_Task prompt:_ From the line containing "T20 WC POINTS" through the last line of the data, return those lines exactly as written and nothing more.

_Dataset records:_
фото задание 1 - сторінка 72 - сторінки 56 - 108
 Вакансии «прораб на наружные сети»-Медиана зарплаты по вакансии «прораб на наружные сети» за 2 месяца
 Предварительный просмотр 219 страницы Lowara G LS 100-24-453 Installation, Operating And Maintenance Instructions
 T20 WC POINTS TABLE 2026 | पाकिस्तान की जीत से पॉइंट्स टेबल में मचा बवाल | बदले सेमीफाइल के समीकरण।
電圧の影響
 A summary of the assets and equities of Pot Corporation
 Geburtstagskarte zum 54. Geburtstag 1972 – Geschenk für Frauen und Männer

_Answer for this exercise:_
 T20 WC POINTS TABLE 2026 | पाकिस्तान की जीत से पॉइंट्स टेबल में मचा बवाल | बदले सेमीफाइल के समीकरण।
電圧の影響
 A summary of the assets and equities of Pot Corporation
 Geburtstagskarte zum 54. Geburtstag 1972 – Geschenk für Frauen und Männer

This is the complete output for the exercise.